Sabe-se que a justiça de transição (JT) dispõe de mecanismos a fim de possibilitar, em Estados que tenham passado por sérios conflitos, a reestruturação da paz e a construção de uma democracia. A utilização de mecanismos internos e externos em Ruanda caracterizou um modelo tipicamente híbrido de justiça de transição. A Missão de Assistência da ONU para Ruanda (UNAMIR) e o Tribunal Ad Hoc para Ruanda (TPIR) podem ser assumidos como mecanismos externos cujos mandatos se relacionavam com JT, enquanto os tribunais de Gacaca foram os principais mecanismos internos adotados. Muito embora localizados em distintos níveis, os dois últimos mecanismos carregam características criminalizantes e incidem sobre aqueles que foram tomados e/ou se assumiram como perpetradores das graves violações de direitos humanos praticadas no país.

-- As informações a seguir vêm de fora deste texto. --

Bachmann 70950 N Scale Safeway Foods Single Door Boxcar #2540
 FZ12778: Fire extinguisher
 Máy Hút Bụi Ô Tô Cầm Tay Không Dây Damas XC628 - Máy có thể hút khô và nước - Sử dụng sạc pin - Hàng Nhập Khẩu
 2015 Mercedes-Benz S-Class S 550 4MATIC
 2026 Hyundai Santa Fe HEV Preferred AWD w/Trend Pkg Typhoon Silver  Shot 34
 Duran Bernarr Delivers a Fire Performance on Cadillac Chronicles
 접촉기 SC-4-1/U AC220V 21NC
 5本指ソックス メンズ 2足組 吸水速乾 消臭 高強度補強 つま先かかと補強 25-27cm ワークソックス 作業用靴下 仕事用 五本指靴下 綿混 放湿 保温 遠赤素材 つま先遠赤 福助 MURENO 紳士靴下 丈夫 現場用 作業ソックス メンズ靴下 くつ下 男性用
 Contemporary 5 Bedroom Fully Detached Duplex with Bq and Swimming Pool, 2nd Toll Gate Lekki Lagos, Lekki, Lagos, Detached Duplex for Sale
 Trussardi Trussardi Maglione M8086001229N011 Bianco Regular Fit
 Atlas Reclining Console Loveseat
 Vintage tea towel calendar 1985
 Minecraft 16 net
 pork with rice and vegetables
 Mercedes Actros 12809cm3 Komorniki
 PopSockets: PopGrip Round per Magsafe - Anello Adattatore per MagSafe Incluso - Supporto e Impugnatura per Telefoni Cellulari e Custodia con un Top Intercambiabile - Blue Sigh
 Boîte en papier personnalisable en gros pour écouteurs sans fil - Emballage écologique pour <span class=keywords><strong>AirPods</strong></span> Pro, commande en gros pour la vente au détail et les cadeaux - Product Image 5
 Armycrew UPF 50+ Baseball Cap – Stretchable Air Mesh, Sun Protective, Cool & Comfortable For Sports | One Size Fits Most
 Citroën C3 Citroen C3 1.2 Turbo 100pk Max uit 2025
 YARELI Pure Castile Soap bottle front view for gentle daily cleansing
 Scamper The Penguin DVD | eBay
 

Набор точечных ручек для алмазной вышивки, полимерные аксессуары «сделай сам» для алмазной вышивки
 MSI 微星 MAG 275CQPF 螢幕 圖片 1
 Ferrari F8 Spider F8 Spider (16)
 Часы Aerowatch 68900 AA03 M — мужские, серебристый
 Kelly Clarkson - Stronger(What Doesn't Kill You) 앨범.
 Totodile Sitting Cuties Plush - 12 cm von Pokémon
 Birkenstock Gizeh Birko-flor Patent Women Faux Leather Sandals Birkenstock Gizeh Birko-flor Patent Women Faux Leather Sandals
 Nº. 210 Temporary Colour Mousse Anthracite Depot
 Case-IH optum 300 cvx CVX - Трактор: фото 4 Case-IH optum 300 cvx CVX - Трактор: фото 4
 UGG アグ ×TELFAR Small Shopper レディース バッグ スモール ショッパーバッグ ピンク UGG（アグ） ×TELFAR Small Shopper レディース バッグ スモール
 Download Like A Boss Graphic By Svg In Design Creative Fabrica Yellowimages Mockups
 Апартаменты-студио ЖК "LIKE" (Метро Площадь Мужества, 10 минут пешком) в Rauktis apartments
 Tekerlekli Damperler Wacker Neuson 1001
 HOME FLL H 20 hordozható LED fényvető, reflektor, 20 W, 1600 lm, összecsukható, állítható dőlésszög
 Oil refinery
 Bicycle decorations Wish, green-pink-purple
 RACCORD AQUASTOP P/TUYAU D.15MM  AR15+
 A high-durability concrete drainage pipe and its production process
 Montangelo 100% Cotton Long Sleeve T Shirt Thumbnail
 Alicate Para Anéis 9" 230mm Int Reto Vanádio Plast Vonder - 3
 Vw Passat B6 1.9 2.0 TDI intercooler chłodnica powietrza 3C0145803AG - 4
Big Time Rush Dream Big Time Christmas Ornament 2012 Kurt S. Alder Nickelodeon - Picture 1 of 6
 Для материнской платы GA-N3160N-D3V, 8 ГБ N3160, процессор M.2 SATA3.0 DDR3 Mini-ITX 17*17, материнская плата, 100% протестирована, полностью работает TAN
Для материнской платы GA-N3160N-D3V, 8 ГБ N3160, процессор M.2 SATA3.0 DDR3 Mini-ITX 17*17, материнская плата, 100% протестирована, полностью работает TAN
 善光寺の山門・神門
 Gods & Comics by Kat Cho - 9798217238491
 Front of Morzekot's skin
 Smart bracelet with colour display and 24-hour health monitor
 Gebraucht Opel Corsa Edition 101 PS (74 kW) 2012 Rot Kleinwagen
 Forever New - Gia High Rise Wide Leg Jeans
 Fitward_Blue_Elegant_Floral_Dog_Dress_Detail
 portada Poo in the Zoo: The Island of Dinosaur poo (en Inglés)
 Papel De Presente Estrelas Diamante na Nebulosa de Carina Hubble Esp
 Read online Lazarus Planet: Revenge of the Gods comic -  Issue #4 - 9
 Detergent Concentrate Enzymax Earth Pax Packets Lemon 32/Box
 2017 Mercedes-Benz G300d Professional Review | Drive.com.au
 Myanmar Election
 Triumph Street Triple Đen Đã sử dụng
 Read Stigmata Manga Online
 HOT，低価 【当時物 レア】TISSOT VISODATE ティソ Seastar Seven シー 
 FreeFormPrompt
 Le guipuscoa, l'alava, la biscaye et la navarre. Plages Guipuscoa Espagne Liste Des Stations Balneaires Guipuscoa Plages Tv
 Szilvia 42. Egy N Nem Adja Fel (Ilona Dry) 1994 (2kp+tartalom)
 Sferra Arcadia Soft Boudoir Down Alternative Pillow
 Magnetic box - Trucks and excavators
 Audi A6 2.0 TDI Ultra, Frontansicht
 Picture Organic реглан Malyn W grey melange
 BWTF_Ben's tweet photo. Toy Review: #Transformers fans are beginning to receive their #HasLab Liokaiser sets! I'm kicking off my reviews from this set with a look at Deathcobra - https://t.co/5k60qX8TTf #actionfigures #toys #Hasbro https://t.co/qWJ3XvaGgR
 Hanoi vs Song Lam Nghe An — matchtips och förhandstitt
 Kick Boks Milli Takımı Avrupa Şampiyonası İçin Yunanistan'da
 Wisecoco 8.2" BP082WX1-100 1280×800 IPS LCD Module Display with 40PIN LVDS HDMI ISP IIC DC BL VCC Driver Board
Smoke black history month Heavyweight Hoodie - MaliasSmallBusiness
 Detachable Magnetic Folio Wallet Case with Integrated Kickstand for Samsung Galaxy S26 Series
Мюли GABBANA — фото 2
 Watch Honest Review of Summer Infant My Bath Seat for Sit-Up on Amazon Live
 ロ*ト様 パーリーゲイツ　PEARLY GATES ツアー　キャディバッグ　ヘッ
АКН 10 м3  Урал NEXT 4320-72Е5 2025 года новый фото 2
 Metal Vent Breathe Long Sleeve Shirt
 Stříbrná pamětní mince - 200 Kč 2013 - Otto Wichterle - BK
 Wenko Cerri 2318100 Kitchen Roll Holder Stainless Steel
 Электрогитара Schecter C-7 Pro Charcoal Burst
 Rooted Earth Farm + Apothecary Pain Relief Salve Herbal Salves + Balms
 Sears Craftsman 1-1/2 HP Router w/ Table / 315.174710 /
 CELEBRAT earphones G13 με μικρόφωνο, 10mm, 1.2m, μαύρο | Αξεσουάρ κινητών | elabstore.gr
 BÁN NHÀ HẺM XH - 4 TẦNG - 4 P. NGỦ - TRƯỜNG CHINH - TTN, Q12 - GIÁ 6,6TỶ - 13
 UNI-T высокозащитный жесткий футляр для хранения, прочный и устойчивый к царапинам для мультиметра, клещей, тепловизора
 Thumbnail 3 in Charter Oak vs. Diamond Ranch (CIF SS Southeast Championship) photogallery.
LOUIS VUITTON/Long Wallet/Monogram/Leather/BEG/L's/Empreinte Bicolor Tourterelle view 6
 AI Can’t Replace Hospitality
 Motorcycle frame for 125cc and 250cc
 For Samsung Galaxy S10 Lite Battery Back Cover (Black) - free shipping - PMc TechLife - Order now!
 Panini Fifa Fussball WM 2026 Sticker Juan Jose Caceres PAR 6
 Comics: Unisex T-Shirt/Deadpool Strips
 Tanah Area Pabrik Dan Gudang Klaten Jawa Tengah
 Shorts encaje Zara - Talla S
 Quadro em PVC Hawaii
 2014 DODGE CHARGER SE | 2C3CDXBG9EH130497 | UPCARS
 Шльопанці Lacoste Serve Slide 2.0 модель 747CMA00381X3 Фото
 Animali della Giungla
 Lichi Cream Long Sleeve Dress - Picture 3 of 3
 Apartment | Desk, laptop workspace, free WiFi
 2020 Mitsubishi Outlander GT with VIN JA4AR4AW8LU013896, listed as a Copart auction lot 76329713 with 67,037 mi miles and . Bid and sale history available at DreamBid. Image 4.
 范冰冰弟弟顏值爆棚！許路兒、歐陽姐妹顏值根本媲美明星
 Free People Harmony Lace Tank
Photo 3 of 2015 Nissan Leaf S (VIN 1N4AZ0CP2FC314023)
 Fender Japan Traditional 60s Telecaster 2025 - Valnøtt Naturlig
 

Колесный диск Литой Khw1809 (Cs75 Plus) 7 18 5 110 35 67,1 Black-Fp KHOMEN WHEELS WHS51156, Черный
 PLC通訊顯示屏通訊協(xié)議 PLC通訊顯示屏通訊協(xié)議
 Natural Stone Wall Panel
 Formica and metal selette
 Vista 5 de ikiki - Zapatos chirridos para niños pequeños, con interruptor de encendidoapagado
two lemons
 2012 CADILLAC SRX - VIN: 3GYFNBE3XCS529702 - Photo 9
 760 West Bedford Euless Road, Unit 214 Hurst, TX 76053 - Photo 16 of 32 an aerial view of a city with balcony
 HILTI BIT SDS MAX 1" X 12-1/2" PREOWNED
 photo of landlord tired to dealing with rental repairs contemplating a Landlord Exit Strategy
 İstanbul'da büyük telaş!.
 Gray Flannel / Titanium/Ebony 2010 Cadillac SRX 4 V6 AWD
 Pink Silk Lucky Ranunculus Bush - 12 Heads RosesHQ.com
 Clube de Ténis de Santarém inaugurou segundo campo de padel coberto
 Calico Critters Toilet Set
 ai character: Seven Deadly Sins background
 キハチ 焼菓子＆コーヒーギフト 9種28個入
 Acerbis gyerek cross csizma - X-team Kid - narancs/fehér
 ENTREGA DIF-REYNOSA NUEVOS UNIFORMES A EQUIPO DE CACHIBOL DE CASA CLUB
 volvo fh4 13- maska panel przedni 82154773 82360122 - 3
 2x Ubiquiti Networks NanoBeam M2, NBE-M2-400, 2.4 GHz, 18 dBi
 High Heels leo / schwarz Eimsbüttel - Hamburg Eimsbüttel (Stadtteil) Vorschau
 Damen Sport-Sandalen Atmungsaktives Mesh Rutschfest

A justiça de transição externa pareceu apresentar diversas falhas em Ruanda. A UNAMIR, apesar de ser uma missão de paz, encontrou dificuldades no envio de tropas e recursos. O TPIR, que tentou julgar os responsáveis pelo genocídio, apesar de ser constituído por juristas de diversos países, não se mostrou completamente neutro, destacando-se a falta do contato com a própria população ruandesa.
Por outro lado, os Tribunais de Gacaca tiveram um destaque na realização da justiça de transição interna, uma vez que as tentativas de reconciliação nacional foram lideradas pelos próprios membros da sociedade do país. O intuito foi o da reconciliação de ambas as etnias envolvidas no conflito, fato evidenciado, por exemplo, na possibilidade de atenuação de diversas sentenças através de pedidos públicos de perdão, confissões ou serviços comunitários. Porém, tais tribunais não estão isentos de críticas, uma vez que os membros da Frente Patriótica de Ruanda (FPR), grupo oposicionista ao governo hutu de Habyarimana e composto principalmente por tutsis, não sofreram julgamentos.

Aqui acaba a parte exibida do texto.